Lens Implants for Cataract Surgery: Know Your Options

If you live a long life, as most of us would wish, you’re very likely to develop impaired vision because of cataracts. And sooner or later, just about everyone opts for cataract surgery to restore good vision. You may already know that cataract surgery involves replacing the clouded natural lens inside the eye with a new, clear artificial lens. But did you know that there are several types of these lenses (called intraocular lenses or IOLs) that can be implanted during cataract surgery, depending on your individual needs and vision goals?

A thorough discussion with your ophthalmologist is the critical final step. According to the American Academy of Ophthalmologists, here are some of the options that you and your doctor may discuss before cataract surgery:

Monofocal lenses are designed to provide the best possible vision at one distance. Most people who choose mono-focal have their IOLs set for distance vision. They use reading glasses for near-vision tasks.

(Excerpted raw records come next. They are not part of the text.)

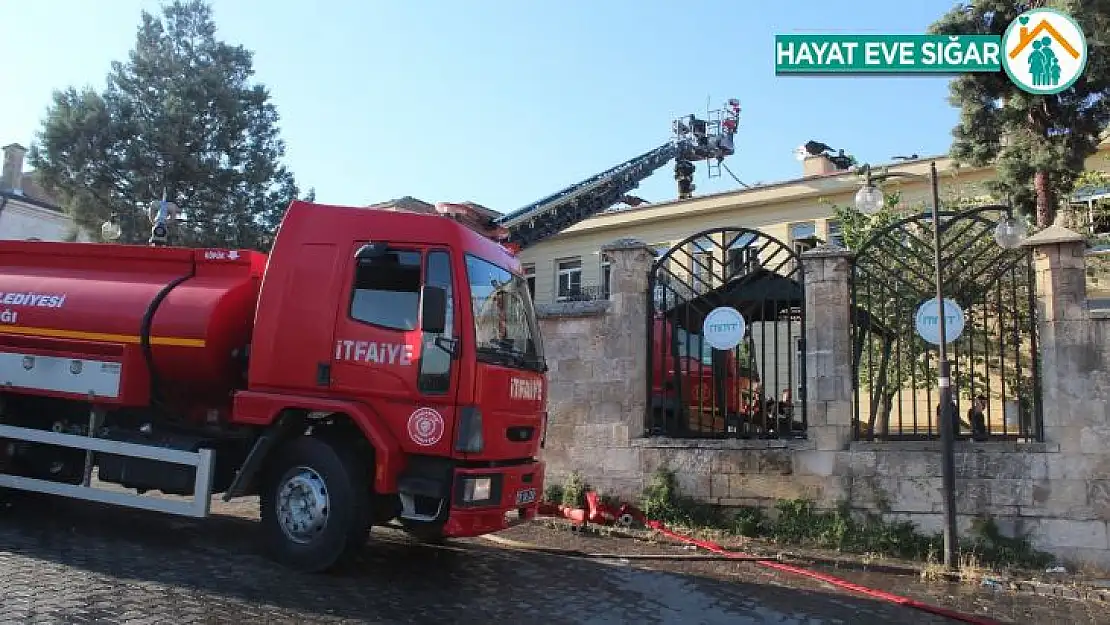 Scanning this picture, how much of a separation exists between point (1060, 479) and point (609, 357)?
16.8 ft

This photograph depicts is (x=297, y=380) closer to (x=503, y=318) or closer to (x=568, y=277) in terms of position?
(x=503, y=318)

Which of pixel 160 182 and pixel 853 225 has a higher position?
pixel 160 182

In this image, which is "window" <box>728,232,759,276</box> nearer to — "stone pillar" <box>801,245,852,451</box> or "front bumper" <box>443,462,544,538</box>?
"stone pillar" <box>801,245,852,451</box>

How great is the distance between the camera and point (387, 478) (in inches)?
255

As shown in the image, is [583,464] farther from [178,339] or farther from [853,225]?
[853,225]

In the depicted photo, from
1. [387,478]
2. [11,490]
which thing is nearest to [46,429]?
[11,490]

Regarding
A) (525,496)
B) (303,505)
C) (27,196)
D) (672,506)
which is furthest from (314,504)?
(27,196)

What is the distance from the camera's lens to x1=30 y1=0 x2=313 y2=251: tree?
71.5 ft

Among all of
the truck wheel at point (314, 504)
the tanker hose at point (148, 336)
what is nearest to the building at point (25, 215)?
the tanker hose at point (148, 336)

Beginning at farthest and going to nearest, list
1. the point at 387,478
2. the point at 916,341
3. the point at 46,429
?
the point at 916,341 < the point at 46,429 < the point at 387,478

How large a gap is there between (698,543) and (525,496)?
8.88ft

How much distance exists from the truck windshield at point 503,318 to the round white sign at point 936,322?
439 centimetres

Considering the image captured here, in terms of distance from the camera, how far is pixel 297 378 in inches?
273

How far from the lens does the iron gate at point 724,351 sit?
9680 mm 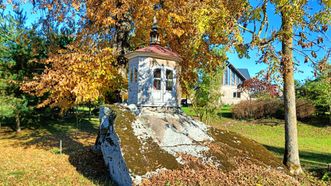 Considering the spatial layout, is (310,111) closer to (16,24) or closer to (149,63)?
(149,63)

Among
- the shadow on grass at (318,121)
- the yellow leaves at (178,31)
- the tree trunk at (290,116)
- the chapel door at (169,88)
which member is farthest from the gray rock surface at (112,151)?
the shadow on grass at (318,121)

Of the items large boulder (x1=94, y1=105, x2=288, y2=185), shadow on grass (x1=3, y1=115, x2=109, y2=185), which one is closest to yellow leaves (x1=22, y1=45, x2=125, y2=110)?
large boulder (x1=94, y1=105, x2=288, y2=185)

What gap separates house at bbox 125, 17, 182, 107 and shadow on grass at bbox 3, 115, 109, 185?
8.77 ft

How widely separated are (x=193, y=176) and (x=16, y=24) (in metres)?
15.9

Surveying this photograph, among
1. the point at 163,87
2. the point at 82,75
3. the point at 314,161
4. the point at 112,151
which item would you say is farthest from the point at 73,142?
the point at 314,161

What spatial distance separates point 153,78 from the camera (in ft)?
30.9

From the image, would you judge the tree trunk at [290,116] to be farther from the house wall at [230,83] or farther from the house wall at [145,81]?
the house wall at [230,83]

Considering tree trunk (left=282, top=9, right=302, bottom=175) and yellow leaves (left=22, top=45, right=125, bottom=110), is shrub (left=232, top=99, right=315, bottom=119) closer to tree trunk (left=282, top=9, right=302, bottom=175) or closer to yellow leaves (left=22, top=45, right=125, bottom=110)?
yellow leaves (left=22, top=45, right=125, bottom=110)

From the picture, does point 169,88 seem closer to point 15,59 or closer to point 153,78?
point 153,78

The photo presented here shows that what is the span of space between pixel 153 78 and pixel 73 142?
7992 mm

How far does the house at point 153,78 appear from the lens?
9375 mm

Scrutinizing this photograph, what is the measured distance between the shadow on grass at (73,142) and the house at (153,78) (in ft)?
8.77

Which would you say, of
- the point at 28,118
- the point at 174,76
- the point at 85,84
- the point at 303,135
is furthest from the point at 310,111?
the point at 28,118

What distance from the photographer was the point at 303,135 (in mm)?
20469
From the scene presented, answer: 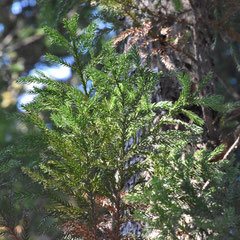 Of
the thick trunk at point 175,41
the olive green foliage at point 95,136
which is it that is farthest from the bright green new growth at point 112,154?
the thick trunk at point 175,41

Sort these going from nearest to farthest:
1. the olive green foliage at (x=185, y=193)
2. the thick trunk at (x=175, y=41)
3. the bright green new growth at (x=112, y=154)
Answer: the olive green foliage at (x=185, y=193) < the bright green new growth at (x=112, y=154) < the thick trunk at (x=175, y=41)

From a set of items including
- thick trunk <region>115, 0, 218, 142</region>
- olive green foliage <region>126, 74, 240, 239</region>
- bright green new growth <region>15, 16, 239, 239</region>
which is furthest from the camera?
thick trunk <region>115, 0, 218, 142</region>

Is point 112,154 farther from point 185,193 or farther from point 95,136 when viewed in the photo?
point 185,193

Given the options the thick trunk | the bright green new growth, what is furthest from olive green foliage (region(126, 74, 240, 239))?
the thick trunk

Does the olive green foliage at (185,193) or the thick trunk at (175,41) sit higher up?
the thick trunk at (175,41)

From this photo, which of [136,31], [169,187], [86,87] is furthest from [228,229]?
[136,31]

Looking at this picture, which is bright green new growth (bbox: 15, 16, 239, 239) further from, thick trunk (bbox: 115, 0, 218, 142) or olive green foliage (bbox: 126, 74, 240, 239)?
thick trunk (bbox: 115, 0, 218, 142)

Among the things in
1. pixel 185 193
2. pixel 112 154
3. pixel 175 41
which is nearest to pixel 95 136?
pixel 112 154

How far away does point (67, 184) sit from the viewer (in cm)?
158

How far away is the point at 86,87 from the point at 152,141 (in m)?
0.30

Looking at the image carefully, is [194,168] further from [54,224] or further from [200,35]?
[200,35]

Multifocal IOLs have corrective zones built into the lens, much like bifocal or trifocal eyeglasses. This allows you to see both near and far objects. Some multifocal may also correct intermediate vision.

Accommodative (multifocal) lenses can also correct vision at all distances. The lens uses the natural movements of your eye’s muscles to change focus.

Extended depth-of-focus (EDOF) IOLs have only one corrective zone. But this zone is stretched to allow distance and intermediate vision.

Toric lenses have an extra built-in correction for astigmatism.

In addition, there is a Light Adjustable Lens, a monofocal lens implant that can be adjusted after it’s already inside your eye. This adjustability allows it to be more accurate in achieving glasses-free vision for many patients.

How to Decide?
Your Atlantic Eye ophthalmologist will be your best guide in this. Not every lens is appropriate for every person. Considerations such as general health, eye health, lifestyle, and affordability will all factor into the decision.

For example, not all IOL types are covered by insurance. But Medicare and most insurance companies do cover the cost of the most common IOL, the mono-focal lens.

Multifocal, EDOF, and accommodative IOLs are often called “premium” lenses. (see https://atlanticeye.com/premium-iols/). They can reduce or eliminate your need for glasses or contact lenses, but they are more expensive than mono-focal and may not be fully covered by insurance.

Your Atlantic Eye physician will help you decide which type of lens implant works best for you. And we want to remind everyone that screening for cataracts and other age-related eye disorders should start with a baseline eye exam at age 40 – even if you are not aware of any visual disturbances. Early detection is always best!